My partner and I have started the long road towards an Australian permanent visa (granted offshore) and if we're successful, we'd like to move to Melbourne. I am an EFL/ESL English teacher, so my question is this: 
Is work plentiful/ irregular/hard to get in this field (I'm asking because I am considering re-training) and what sort of rate per hour + number of hours per week does a teacher get?

Thanks for the help,

Denise


----------



## Dexter

Yes, there is work in - private colleges, unis and government tertiary education (TAFE). I suppose you should begin from checking out Department of Education and Training in the state that you are interested in.


----------



## tigris330

Dexter said:


> Yes, there is work in - private colleges, unis and government tertiary education (TAFE). I suppose you should begin from checking out Department of Education and Training in the state that you are interested in.


Hi Dexter,

Thanks for the answer, however you should know that I do not have an education degree, which I'm guessing is what you need to work in the sectors you mentioned. I have a B.A. in English, a Master in English literature and a TEFL certificate. I might be doing the CELTA later on next year.

What do you think?

Denise


----------



## Dexter

I think you should speak to Department of Education and Training. You don't always need to have education degree to work as a teacher. In many cases your ESL may be enough. College teachers often only have Certificate IV in Assessment and Workplace Training but no education/teaching degree.


----------



## aussiegirl

Hi tigris,

I'm an ESL teacher and have taught both in Australia and overseas. There are a prethora of private ESL/ELICOS colleges in Australia and most of them advertise jobs in major papers as well as on job search sites such as SEEK (SEEK - Australia's no. 1 jobs, employment, career and recruitment site).
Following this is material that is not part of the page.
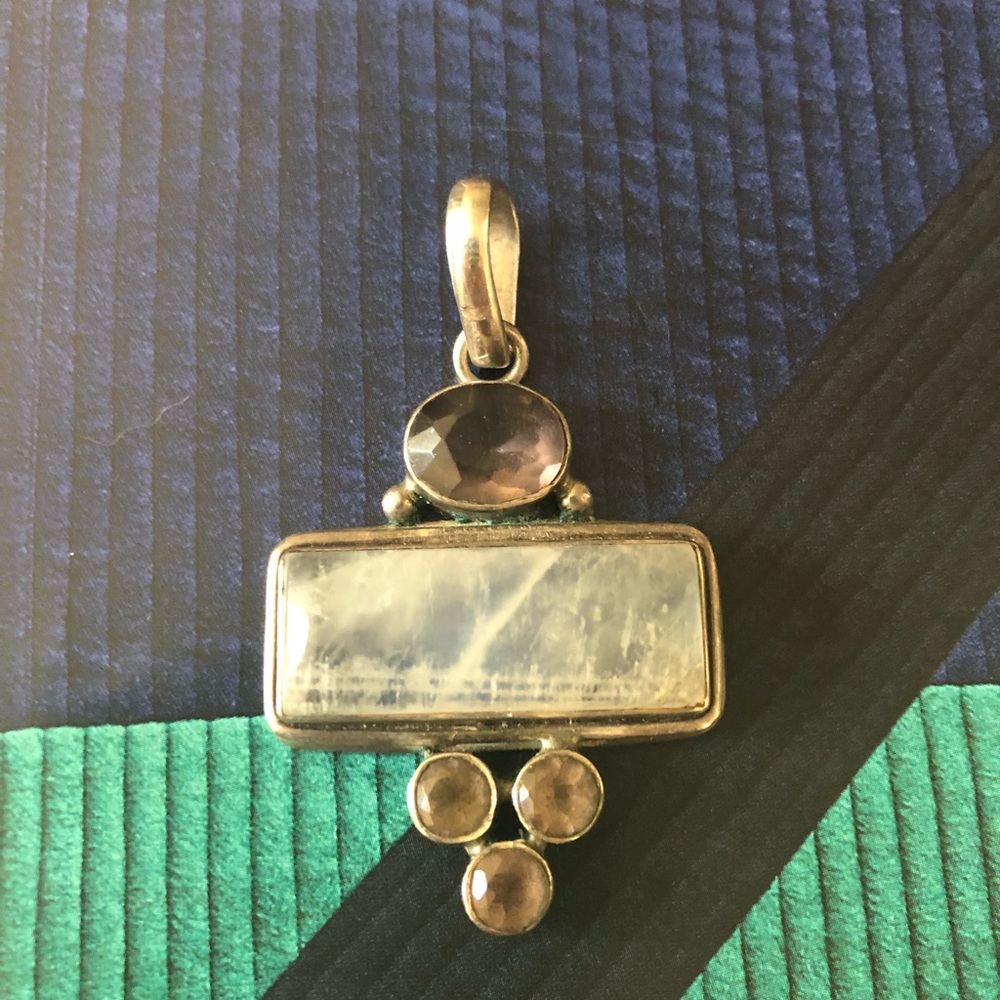 Gorgeous Gemstones ๐ Pendant - Picture 1 of 5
I think you would not have a problem finding at least casual or sub work, but full time/ permanent jobs are not so common in the ESL industry. I have found jobs by cold canvassing, so if you see any language schools that you're interested in, just go in with your resume and best suit and ask to see the Director of Studies, or person in charge of recruitment. Take a flick through the Yellow Pages or do a google search and you should find a whole list of potential places to visit.
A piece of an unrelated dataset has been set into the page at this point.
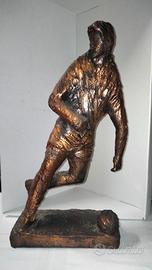 Statua calciatore Evandro Carpeggiani anni 70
As for pay, you can get $30 upwards per hour for casual teaching, as you don't get paid sick leave or holidays. If you get a Cert IV in Workplace Training and Assessment and work in a TAFE or for another government run college, you can get over $50 or $60 per hour, sometimes more if you work evenings.


----------



## tigris330

aussiegirl said:


> Hi tigris,
> 
> I'm an ESL teacher and have taught both in Australia and overseas. There are a prethora of private ESL/ELICOS colleges in Australia and most of them advertise jobs in major papers as well as on job search sites such as SEEK (SEEK - Australia's no. 1 jobs, employment, career and recruitment site).
> 
> I think you would not have a problem finding at least casual or sub work, but full time/ permanent jobs are not so common in the ESL industry. I have found jobs by cold canvassing, so if you see any language schools that you're interested in, just go in with your resume and best suit and ask to see the Director of Studies, or person in charge of recruitment. Take a flick through the Yellow Pages or do a google search and you should find a whole list of potential places to visit.
> 
> As for pay, you can get $30 upwards per hour for casual teaching, as you don't get paid sick leave or holidays. If you get a Cert IV in Workplace Training and Assessment and work in a TAFE or for another government run college, you can get over $50 or $60 per hour, sometimes more if you work evenings.


Hi aussie girl,

that's extremely useful. Do you suggest that I still do a CELTA course or just a Cert IV when I get to Australia? Google searches have yielded surprisingly little when it comes to what sort of qualifications one needs to work in this industry in Australia, so being able to communicate with someone who has worked there is great!

Denise


----------



## tigris330

Dexter said:


> I think you should speak to Department of Education and Training. You don't always need to have education degree to work as a teacher. In many cases your ESL may be enough. College teachers often only have Certificate IV in Assessment and Workplace Training but no education/teaching degree.


Hi Dexter,

Thanks for the advice! It's really helpful.


----------



## aussiegirl

Hi again,

I'm glad I could be of help. I myself have a BA in Languages and Linguistics, a CELTA and have taught for over 11 years now. I think your TEFL course should be enough, but take a look at the NEAS site:

NEAS - Teachers in NEAS accredited ELT Centres

NEAS is a body that governs the standards that recognised ESL colleges must meet in order to get official recognition. It wouldn't hurt to do a CELTA, as it would be a good chance to update your skills, but you may not really need to. The job advertisements usually state what qualifications you need, and though most only require the minimom as dictated by NEAS, some ask for specific requirements above the basics.


----------



## tigris330

aussiegirl said:


> Hi again,
> 
> I'm glad I could be of help. I myself have a BA in Languages and Linguistics, a CELTA and have taught for over 11 years now. I think your TEFL course should be enough, but take a look at the NEAS site:
> 
> NEAS - Teachers in NEAS accredited ELT Centres
> 
> NEAS is a body that governs the standards that recognised ESL colleges must meet in order to get official recognition. It wouldn't hurt to do a CELTA, as it would be a good chance to update your skills, but you may not really need to. The job advertisements usually state what qualifications you need, and though most only require the minimom as dictated by NEAS, some ask for specific requirements above the basics.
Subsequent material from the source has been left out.